[Data excerpts]
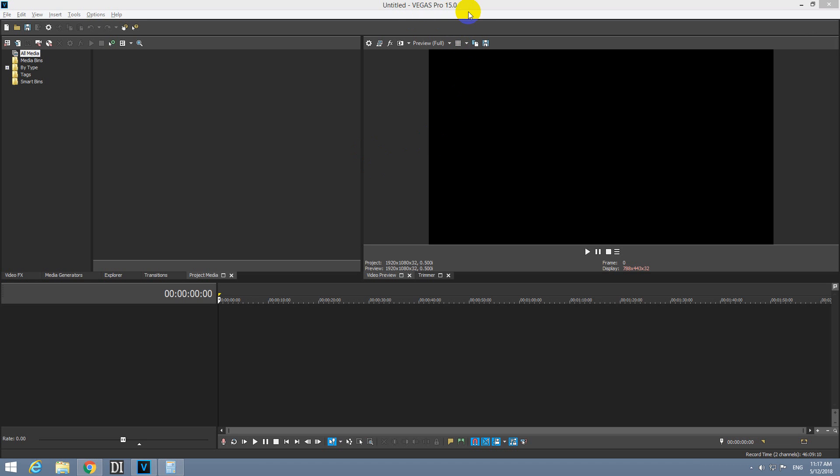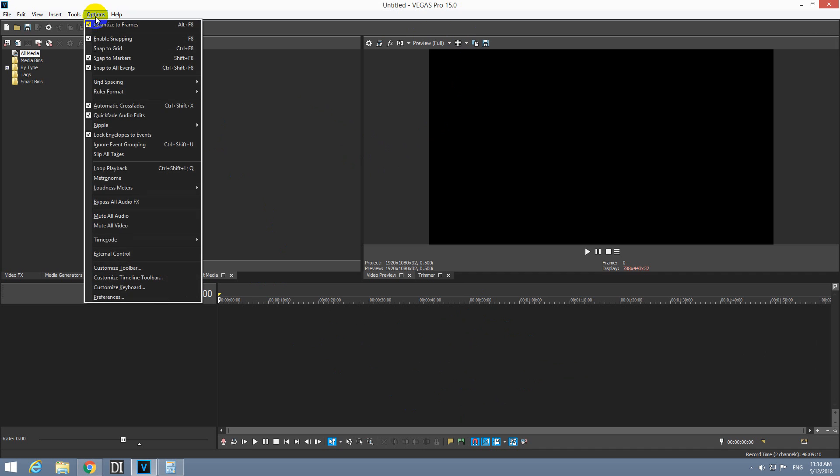Okay, here's Vegas Pro version 15. By default, the program is automatically saving what you have done here on the timeline. Let's see how to reduce that interval. By default, the program is saving your project in 5 minutes, and let's reduce that interval.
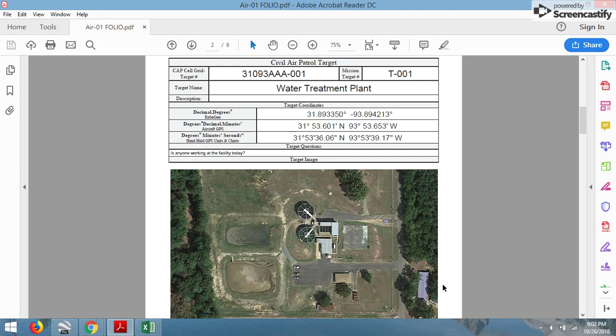Hello, welcome to CAP Tech. The purpose of this YouTube channel is to show Civil Air Patrol members how we can use the different software and programs that are available to us to enhance our mission operations. In today's video, we'll be talking about how we can use Google Earth to help create plans for our aerial photography missions.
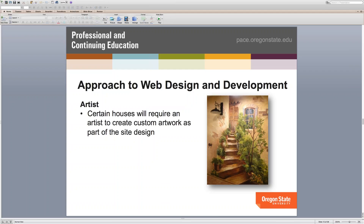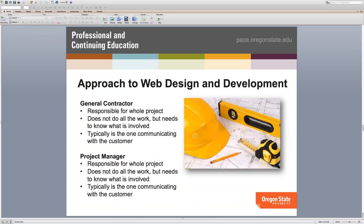Those are all the roles involved in building a house. Now I'll go back through the same slides mapped to building a website so you can see the parallel. Instead of a general contractor, a website has a project manager. They're the ones always talking to the customer, understanding the goals of the website, outsourcing to specialists — who's doing the graphics, who's doing the design — creating the project plan, getting paid and paying the specialists.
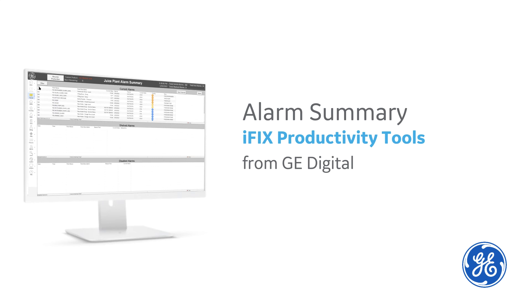Welcome to this introductory video on the Alarm Summary available in iFIX Productivity Tools from GE Digital. The Alarm Summary is one of the enhanced alarm management tools for operators that is provided by iFIX Productivity Tools.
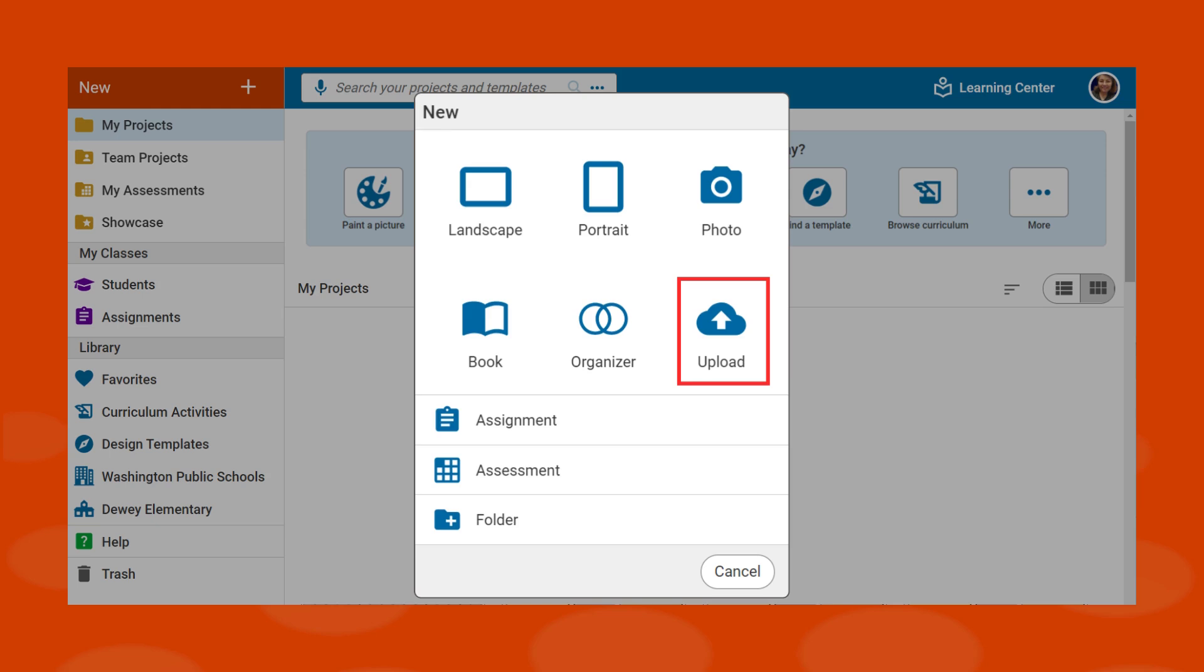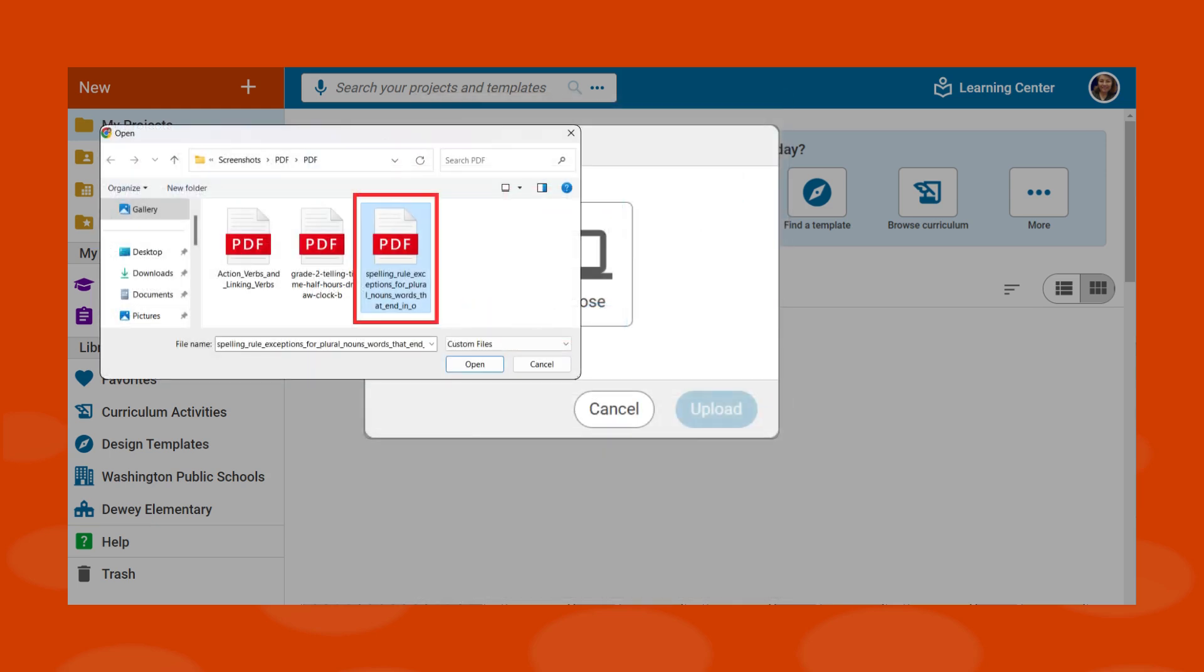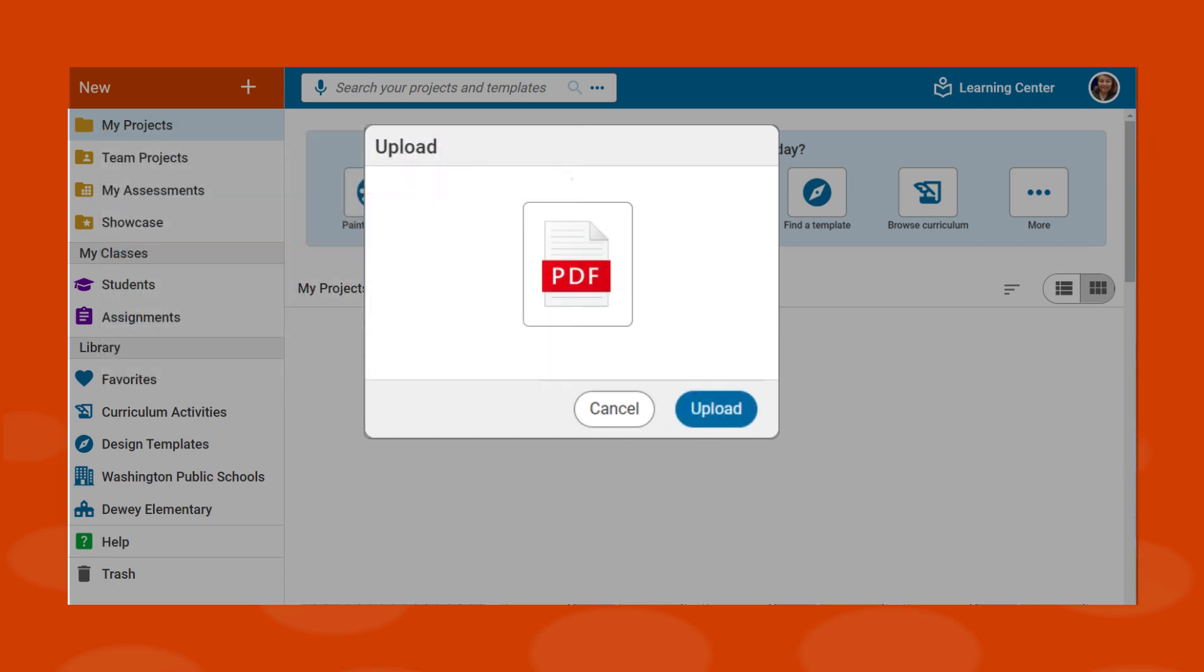Use your device's navigation options to find the PDF file you want to add. Use the shift key if you want to upload more than one PDF at a time. Once you have selected the document or documents, choose the Upload button.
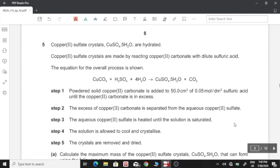Hello everyone, this is Yashveen here from Exam Help Web. Today in this video I'm going to be proceeding with Paper 4 Variant 2 of May/June 2019 Chemistry 0620, starting with question number 5.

Work required
Please retype the lines from the one containing "Hello, welcome to" through the last line of the records above, exactly as written, and leave out any pictures.

Task response
Hello, welcome to CAP Tech. The purpose of this YouTube channel is to show Civil Air Patrol members how we can use the different software and programs that are available to us to enhance our mission operations. In today's video, we'll be talking about how we can use Google Earth to help create plans for our aerial photography missions.
Those are all the roles involved in building a house. Now I'll go back through the same slides mapped to building a website so you can see the parallel. Instead of a general contractor, a website has a project manager. They're the ones always talking to the customer, understanding the goals of the website, outsourcing to specialists — who's doing the graphics, who's doing the design — creating the project plan, getting paid and paying the specialists.
Welcome to this introductory video on the Alarm Summary available in iFIX Productivity Tools from GE Digital. The Alarm Summary is one of the enhanced alarm management tools for operators that is provided by iFIX Productivity Tools.
Use your device's navigation options to find the PDF file you want to add. Use the shift key if you want to upload more than one PDF at a time. Once you have selected the document or documents, choose the Upload button.
Hello everyone, this is Yashveen here from Exam Help Web. Today in this video I'm going to be proceeding with Paper 4 Variant 2 of May/June 2019 Chemistry 0620, starting with question number 5.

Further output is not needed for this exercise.